Здесь по справедливости следует сделать одно отступление. В очерке-рассказе «Золотое зерно», опубликованном «Нашим современником», Владимир Солоухин пишет: «После Собинова, о котором мы уже не стесняемся говорить – великий, у нас два тенора выходят из ряда так решительно и далеко, что другие, тоже замечательные тенора остаются все же внизу и сзади. Если время в течение ближайших лет не произведет какого-нибудь уникума, который затмит все и вся, то эти певцы – Лемешев и Козловский – так и будут представляться нам среброголовыми великаньими вершинами в ряду пусть высоких, но не достигающих все же оледенелой, незыблемой славы гор».
Когда Лемешев пришел в Большой театр, там царил Иван Семенович Козловский. В своей прекрасной автобиографической книге Лемешев пишет о том глубоком уважении и восхищении, которые всегда испытывал к старшему товарищу по сцене, – разница в годах была невелика, но Козловский много раньше пришел в Большой театр и уже завоевал широчайшее признание. С приходом Лемешева началось двоевластие. Они очень разные во всем, эти два замечательных певца. Козловский, обладатель большого голоса, который он умел тщательно беречь, великолепно поставленного дыхания, гарантирующего непомерные верха, похоже, не стремился (за одним-единственным исключением, о котором – чуть ниже) к созданию сценического образа.

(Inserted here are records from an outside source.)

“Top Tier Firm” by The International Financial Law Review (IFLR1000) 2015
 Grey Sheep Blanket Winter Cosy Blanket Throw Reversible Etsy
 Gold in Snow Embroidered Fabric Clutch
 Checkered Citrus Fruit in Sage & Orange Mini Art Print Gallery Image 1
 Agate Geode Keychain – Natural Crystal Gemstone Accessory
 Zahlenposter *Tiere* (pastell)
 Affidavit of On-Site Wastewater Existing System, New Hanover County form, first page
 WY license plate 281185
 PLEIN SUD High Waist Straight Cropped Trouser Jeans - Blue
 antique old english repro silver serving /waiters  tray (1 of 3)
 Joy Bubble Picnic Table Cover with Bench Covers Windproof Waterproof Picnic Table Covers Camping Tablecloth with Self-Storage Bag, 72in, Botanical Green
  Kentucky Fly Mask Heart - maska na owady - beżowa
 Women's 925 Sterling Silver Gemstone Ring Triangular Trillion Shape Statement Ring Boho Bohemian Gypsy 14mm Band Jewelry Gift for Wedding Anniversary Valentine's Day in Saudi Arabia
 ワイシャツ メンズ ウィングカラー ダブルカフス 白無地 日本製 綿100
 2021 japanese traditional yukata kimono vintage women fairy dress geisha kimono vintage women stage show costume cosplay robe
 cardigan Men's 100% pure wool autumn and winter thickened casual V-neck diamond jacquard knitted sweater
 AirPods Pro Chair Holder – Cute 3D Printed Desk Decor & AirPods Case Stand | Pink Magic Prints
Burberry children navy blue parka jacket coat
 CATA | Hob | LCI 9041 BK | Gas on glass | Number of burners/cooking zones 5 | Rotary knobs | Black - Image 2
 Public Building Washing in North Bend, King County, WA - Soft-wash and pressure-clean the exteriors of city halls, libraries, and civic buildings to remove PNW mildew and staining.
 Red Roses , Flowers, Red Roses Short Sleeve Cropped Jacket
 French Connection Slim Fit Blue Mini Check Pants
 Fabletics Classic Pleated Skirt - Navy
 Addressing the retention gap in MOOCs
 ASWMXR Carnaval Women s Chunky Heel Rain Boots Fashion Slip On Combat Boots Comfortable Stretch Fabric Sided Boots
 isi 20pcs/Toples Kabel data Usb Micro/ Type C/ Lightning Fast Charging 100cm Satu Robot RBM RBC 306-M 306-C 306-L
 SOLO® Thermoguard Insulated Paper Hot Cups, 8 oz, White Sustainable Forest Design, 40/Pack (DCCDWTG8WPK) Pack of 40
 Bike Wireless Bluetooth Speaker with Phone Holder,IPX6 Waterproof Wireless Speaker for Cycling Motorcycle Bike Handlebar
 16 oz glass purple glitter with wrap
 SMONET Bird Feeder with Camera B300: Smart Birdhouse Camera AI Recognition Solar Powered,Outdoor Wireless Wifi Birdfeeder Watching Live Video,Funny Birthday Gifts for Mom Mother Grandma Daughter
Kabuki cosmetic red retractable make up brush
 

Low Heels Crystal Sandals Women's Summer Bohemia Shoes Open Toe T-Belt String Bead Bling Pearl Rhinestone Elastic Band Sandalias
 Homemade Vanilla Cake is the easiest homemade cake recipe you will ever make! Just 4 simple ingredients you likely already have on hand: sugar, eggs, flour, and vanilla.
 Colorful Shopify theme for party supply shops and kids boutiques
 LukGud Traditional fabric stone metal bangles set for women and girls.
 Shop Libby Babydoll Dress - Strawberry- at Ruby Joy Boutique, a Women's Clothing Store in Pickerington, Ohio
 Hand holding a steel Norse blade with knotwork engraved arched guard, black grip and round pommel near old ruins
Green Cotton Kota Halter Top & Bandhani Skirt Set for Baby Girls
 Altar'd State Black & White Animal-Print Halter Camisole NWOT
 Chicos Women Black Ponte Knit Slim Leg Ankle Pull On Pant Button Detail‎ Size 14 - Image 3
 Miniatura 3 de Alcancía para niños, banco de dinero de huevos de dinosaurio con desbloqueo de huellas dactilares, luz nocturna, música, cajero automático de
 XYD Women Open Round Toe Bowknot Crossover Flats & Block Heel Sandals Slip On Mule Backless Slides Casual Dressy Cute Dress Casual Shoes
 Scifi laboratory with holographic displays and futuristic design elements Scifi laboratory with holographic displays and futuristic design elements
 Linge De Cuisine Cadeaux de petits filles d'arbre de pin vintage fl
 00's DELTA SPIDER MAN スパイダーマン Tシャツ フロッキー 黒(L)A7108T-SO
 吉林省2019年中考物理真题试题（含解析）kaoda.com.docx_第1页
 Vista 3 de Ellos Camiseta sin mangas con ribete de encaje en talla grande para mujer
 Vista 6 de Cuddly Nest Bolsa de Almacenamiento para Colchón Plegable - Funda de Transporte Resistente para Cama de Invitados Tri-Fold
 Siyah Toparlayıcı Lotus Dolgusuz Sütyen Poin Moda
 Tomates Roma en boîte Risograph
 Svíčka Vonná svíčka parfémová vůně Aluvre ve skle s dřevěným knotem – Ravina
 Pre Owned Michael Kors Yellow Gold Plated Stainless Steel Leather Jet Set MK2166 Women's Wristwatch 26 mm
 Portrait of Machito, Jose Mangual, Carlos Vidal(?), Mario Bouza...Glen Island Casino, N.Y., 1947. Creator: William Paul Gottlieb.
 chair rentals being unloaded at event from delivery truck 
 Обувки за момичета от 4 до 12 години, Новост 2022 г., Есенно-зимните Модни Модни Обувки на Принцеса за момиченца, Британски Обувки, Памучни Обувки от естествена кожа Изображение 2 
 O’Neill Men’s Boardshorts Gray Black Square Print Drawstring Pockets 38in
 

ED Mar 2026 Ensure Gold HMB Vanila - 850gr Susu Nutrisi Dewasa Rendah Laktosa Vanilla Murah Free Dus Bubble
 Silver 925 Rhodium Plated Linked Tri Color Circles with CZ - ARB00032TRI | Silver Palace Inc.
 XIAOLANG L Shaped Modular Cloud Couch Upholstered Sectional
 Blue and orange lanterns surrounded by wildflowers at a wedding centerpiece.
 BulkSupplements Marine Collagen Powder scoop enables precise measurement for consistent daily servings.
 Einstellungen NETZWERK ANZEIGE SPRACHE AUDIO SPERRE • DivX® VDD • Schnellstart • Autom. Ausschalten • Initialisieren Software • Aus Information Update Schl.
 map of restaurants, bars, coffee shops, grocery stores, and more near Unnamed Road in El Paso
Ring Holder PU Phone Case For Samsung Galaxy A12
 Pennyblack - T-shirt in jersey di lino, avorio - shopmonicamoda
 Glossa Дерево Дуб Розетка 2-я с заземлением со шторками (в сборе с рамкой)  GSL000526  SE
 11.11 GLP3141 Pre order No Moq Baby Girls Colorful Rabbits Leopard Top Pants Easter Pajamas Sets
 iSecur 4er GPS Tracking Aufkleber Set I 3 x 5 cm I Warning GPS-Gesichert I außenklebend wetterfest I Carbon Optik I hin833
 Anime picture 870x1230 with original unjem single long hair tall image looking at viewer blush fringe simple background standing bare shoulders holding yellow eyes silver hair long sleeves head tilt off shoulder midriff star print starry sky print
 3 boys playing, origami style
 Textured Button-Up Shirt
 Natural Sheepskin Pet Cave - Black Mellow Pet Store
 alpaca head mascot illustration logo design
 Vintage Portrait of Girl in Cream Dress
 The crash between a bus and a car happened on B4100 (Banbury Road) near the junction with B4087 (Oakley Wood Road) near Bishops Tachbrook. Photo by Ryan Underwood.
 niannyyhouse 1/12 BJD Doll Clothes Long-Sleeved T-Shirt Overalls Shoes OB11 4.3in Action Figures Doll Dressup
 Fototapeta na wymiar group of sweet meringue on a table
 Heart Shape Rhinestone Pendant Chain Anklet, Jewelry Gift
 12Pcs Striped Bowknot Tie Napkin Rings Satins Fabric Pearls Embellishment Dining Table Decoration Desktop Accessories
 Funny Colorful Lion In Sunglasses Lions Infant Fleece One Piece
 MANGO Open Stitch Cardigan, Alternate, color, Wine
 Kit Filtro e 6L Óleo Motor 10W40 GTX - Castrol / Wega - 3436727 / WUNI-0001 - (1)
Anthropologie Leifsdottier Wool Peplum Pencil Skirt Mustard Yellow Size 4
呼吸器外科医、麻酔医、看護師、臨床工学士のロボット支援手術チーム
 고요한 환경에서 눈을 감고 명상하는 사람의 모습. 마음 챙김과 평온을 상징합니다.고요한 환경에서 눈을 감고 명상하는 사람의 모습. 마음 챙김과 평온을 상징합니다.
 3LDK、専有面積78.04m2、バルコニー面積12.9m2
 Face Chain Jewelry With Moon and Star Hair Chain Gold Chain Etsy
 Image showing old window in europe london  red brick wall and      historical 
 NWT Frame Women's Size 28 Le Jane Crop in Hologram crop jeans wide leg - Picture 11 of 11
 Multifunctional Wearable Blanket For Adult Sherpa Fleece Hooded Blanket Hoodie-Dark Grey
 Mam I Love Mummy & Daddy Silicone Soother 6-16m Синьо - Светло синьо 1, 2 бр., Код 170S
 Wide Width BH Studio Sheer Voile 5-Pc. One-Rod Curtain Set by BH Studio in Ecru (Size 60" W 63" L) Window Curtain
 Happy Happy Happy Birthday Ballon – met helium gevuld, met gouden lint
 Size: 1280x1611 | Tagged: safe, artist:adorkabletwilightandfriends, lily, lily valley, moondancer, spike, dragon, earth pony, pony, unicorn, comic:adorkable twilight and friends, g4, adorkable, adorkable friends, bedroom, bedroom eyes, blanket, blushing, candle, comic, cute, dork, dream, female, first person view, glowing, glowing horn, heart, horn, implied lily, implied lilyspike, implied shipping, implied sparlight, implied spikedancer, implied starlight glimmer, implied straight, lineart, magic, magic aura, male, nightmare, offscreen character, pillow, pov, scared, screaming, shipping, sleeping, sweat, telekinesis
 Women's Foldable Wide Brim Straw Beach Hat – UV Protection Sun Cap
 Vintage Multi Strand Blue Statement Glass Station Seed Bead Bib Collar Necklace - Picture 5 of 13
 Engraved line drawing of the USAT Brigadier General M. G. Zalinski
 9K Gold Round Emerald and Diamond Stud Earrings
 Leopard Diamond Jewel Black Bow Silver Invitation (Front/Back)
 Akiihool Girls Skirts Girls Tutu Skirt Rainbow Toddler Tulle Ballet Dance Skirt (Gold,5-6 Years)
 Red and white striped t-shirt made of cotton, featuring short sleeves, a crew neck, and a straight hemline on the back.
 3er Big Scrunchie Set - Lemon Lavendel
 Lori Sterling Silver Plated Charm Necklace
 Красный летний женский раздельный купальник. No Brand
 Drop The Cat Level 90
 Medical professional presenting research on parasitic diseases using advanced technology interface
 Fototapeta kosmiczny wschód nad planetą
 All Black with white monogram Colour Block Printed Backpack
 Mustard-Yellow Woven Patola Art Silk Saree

Он всегда оставался Иваном Семеновичем Козловским – голос был прекрасен сам по себе, и артист не слишком заботился о музыкальной характеристике персонажа: лилось расплавленное серебро, а из чьей груди – Альфреда, Рудольфа, Синодала – какая разница? Порой казалось, что он и вообще всех их презирает. Но было одно исключение – до слез пронзительный образ Юродивого («Борис Годунов»), с закатившимися, полубезумными глазами, с доброй, расслабленной и страшной, как рок, улыбкой: Николка в железной шапке, у которого отняли копеечку, бросает царю Борису в глаза ужасную правду, а затем его потрясающий стон вплетается в голос народной боли. Этот образ был органически близок Козловскому, человеку Божьему, – его хлебом не корми, дай попеть в храме, полюбоваться иконой древнего письма, с другой стороны, заковыристому, шутейному – он обожает двусмысленность капустников, розыгрыши, маскарады, всякую затейщину, и наконец, чрезвычайно приверженному русской истории, культуре, искусству. И наверное, изящные герои Верди, Пуччини, Гуно не слишком вдохновляли его в плане драматическом, достаточно того, что он уделял им свой чарующий голос... Очень сильная индивидуальность, он не считал нужным подчинять себя тому, что не вызывало у него такого мощного ответного движения, как уникальный образ Юродивого. Ему он откликнулся всей своей глубинной сутью, а лирическим красавцам – нет. Он был великолепным Лоэнгрином, чему способствовала статуарность неземного образа посланца святого Грааля. Талант Козловского не столько лирического, сколько эпического плана.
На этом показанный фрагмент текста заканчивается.